L’entrée en carême d’une communauté chrétienne fervente est toujours impressionnante. Voir des hommes, des femmes et des enfants de tous âges s’avancer pour recevoir sur leur front les cendres est des plus émouvants. C’est tout un peuple de pécheurs qui, humblement et sincèrement, veut raviver sa ferveur. « Recherchez les réalités d’en haut, non celles de la terre », dit l’apôtre Paul … et nous sommes si souvent le nez collé dans la poussière, l’esprit englué dans nos médiocrités quotidiennes, le cœur plus ou moins loin du Seigneur.

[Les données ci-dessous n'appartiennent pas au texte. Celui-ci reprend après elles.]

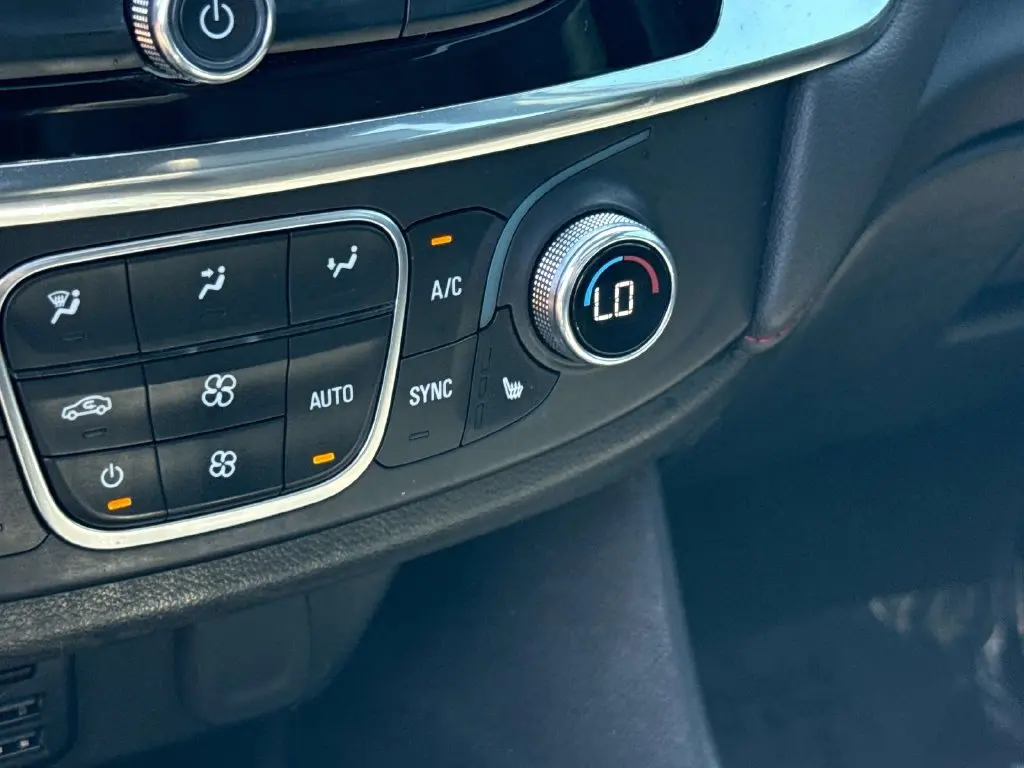 2023 Chevrolet Traverse - $39,995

Les cendres nous rappellent l’inanité des choses de ce monde et la caducité de nos idoles humaines. Notre extérieur peut être clinquant aux yeux des hommes ; le Seigneur, Lui, voit toujours la réalité et la vérité de notre cœur. … et nos cœurs sont entachés, tout comme le sont nos fronts noircis par la cendre. « Bienheureuse faute d’Adam qui nous valut un tel rédempteur », chante l’exultet de la nuit de Pâques. Bienheureuses cendres sur nos fronts qui nous rappellent combien le Seigneur se plaît à faire miséricorde et tout le prix que nous avons à ses yeux. Oui, nous nous reconnaissons pécheurs ; oui, nous voulons être lavés, purifiés, rachetés et sauvés ; oui, nous voulons revenir au Seigneur « de tout notre cœur dans le jeûne, les larmes et le deuil » ; oui, nous voulons « déchirer nos cœurs et non point nos vêtements«  car nous le savons, notre Dieu « est tendre et miséricordieux, lent à la colère et plein d’amour« .

 

Voici ce jeune homme en costume cravate qui s’avance, ou cette belle jeune fille à même de séduire. Après la messe, ils s’en vont au travail ou à l’université. Quel témoignage ! Leurs camarades ou collègues s’étonnent : « Tu n’as pas fait ta toilette ce matin ? Tu as le front sale ; regarde-toi, va te laver ». « Non, peuvent répondre ces jeunes : aujourd’hui je n’enlèverai pas ces cendres ; aujourd’hui réveille en moi le souvenir de mes égarements, de toutes ces fois où le serpent m’a trompé ; aujourd’hui me rappelle qu’il est tant de journées où je n’ai pas lavé mon âme ; aujourd’hui m’invite à vivre mon carême en pensant davantage à la propreté et à la netteté de mon être le plus profond.

 

Voici ces personnes âgées ou gravement atteintes dans leur santé. Elles non plus ne se précipiteront pas pour ôter de leurs fronts les cendres dont ils sont marqués. Elles se redisent : « Je retomberai en poussière et trop souvent je l’oublie ; je retournerai à la terre, et il m’arrive de vivre comme si aujourd’hui devait durer toujours ; ces cendres sont un appel à la conversion, une supplication du Seigneur pour que je pense davantage au ciel, à mon éternité.

 

Marqués par les cendres et donc conscients de notre état de pécheurs, en ce premier dimanche de carême nous mettons résolument nos pas dans les pas du Seigneur. Poussés par l’Esprit, durant quarante jours nous allons choisir notre Dieu ; c’est lui qui ôtera de nos cœurs le péché et guérira notre mal. Avec le Christ au désert, nous goûterons le silence de Dieu et nous renaîtrons à la joie … parce que c’est lui Jésus-Sauveur qui nous lavera.